If I may be so bold and presumptuous, it is time for a deep breath, a time-out from the issues of the day, and a focus on the issues of tomorrow: THIS ELECTION IS LIFE OR DEATH FOR PUBLIC EDUCATION.

I got a wake up call on many fronts on Sunday in dialogue / debate with a staunch union member who, understandably, is really angry. I appreciate Diane’s honest comments to me. Aside from the issues at hand, and there are many, the bottom line is that this teacher can’t see casting a vote for President Obama.

Are there really a few, hundreds, thousands of teachers (and unions and parent activists) considering not voting for President Obama and/or Democratic House candidates?

If so – PLEASE – appeal to them for a moratorium on being ticked off at Arne Duncan, President Obama, and RTTT. We can hold the President’s and Duncan’s feet to the fire later. They are not going to tinker with policy in the next 30 days. I’ll lead the charge with you. I’ll drive. I’ll meet you on the steps of where that stupid little red school house used to be – but for now – let’s get him elected.

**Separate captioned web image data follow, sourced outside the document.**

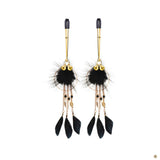 LOVE RING Boho Feather Nipple Clamps with Small Brass Bells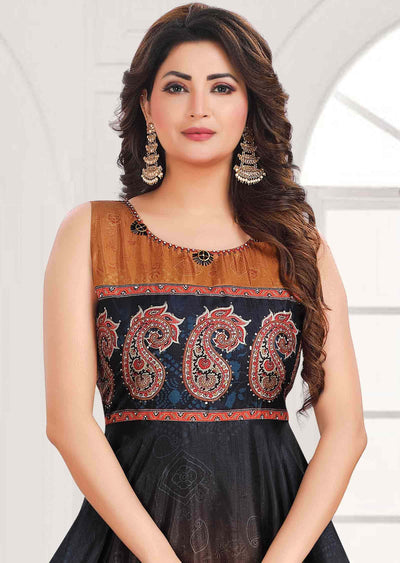 Mustard & Navy Blue Silk Printed Kurti Full legth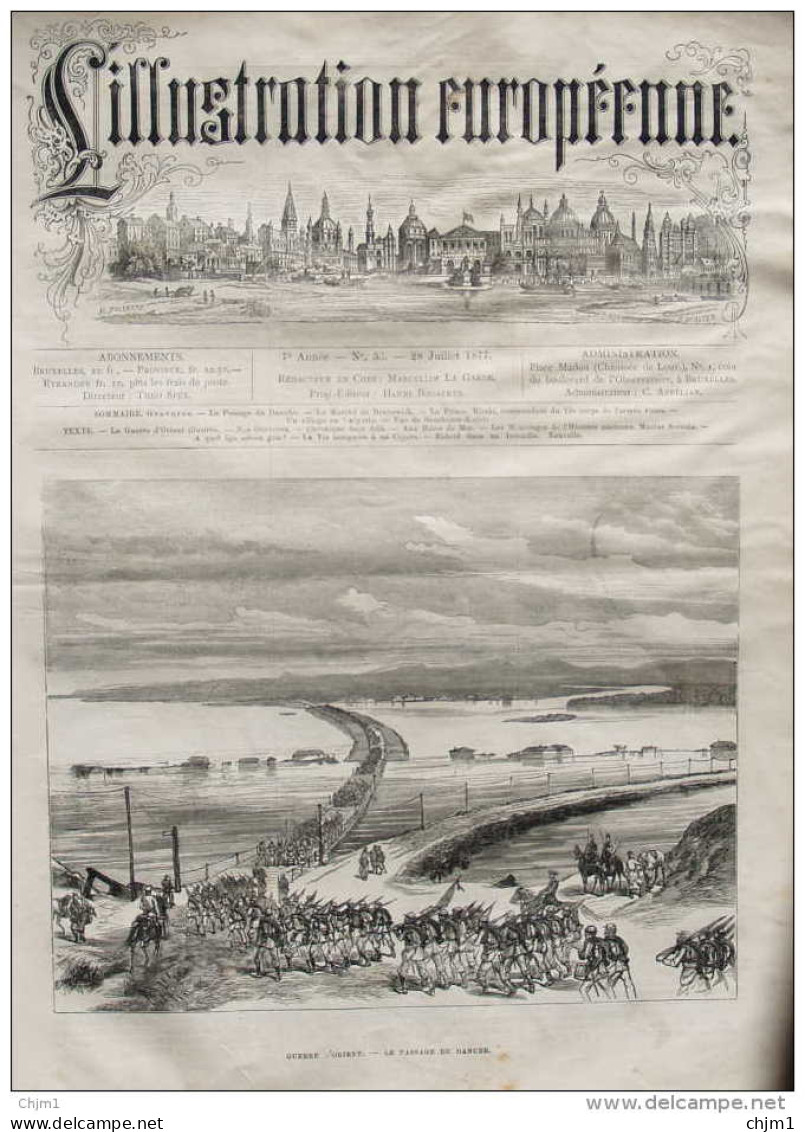 Guerre D'Orient - Le Passage Du Danube - Page Original 1877 - Historische Dokumente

You all have a voice. You know those with voice in Ohio, Pennsylvania, Florida, and other swing states.

I’ll just say it – I don’t care how angry a union member or any teacher is right now. A GOP White House and GOP House – and the inevitable (at least one) Supreme Court appointment in the next fours years would be the end of public education for every child not to mention women’s rights, social justice, and dozens of other issues.

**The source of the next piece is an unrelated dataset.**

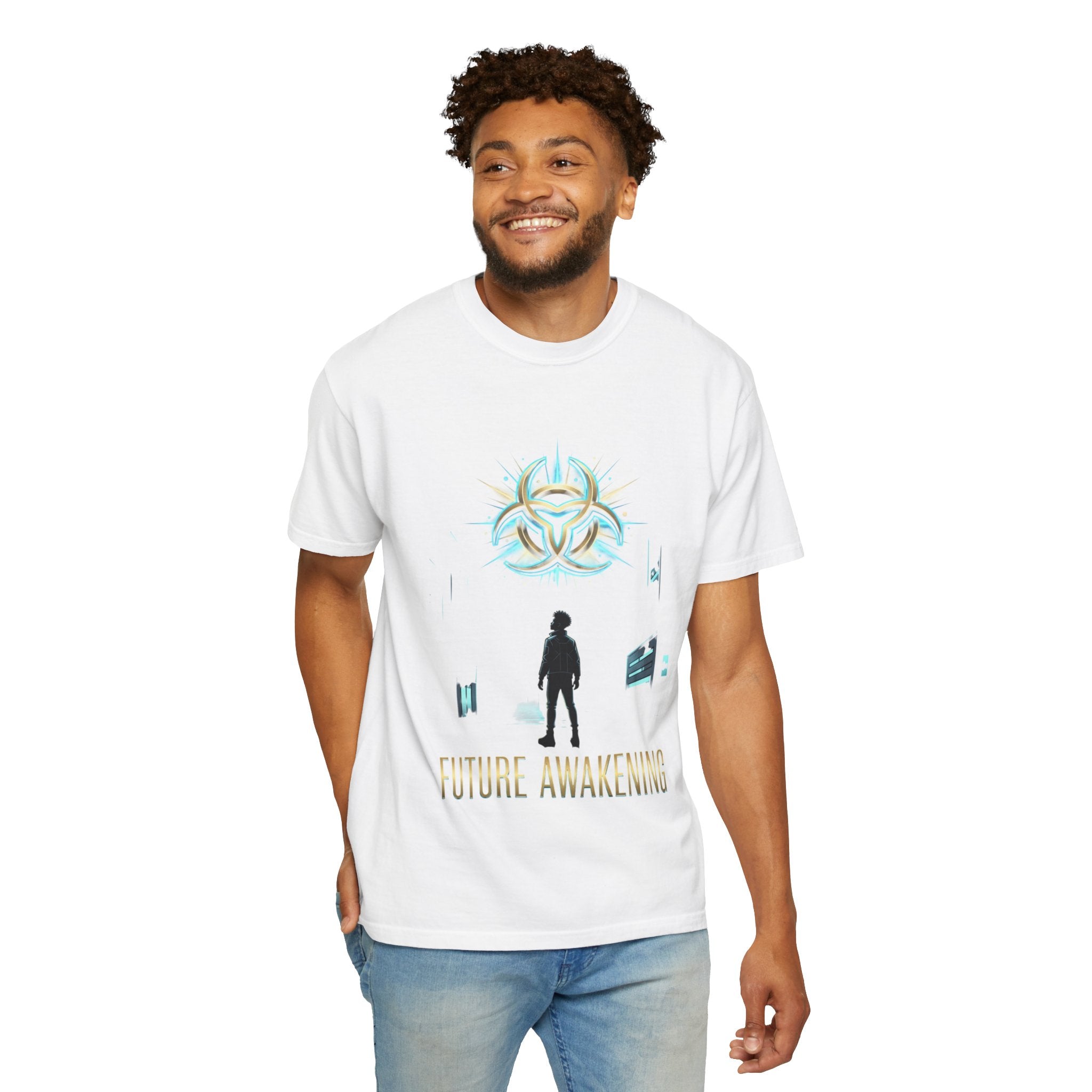 PRB Future Awakening T-Shirt | Sci-Fi Silhouette Graphic Tee by Printify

No matter how angry teachers and others may be about RTTT or their union leadership – I would compel them to hold their noses, hold their breath, or hold whatever criticism they need to hold and get Mr. Obama in the White House and democrats in the House. Go radical and angry again on November 7; but for now they must vote – especially in key states and every House vote.

I offer the following worst-case but sadly possible worst-case scenarios if R and R take over:

An eventual ultra-conservative 6-3 majority in the Supreme Court with all the implications on public education, privacy, privatization, civil rights, immigration, curriculum, free speech, and others

A shut down of the Department of Education (not a bad thing) but along with it will go civil rights protections and special education protections (which are federal)

A return to the 20th and 19th century versions of school and society. All things public education should be left to the States – which is what the Constitution provides – but in the “red” states the “states rights” stance will be a jaunt back to the first half of the pre-Brown, pre-Sputnik, pre-Title IX, pre-P.L. 94-142 (IDEA), and pre – non-discrimination on sexual orientation schools.

Kansas manages to get evolution evicted from the curriculum every few elections. That will only be the tip of the iceberg.

The demise of unions for public employees.

Corporate-determined direction of education

Privatization for some; the heck with the rest

Some Children Left Behind

An Ayn Rand screw-the-poor (sorry) philosophy of leadership and business

College for the rich and a few more, but not all.

More charters

Vouchers

Merit pay based on invalid and unreliable methods of value-added testing and test-based teacher evaluations

Segregation

The end of tenure

A narrow, low cognitive curriculum

ESL bilingual prohibitions like Arizona and Massachusetts

More Wisconsins

Perhaps the most appropriate analogy is Butch telling Sundance, “The Fall’ll probably kill ya!”*

Does it really matter if Obama will perpetuate RTTT when a Romney win “will probably kill ya!”

Butch Cassidy: I’ll jump first.
Sundance Kid: Nope.
Butch Cassidy: Then you jump first.
Sundance Kid: No, I said!
Butch Cassidy: What’s the matter with you?!
Sundance: I can’t swim!
Butch Cassidy: [laughing] Why, you crazy — the fall’ll probably kill ya!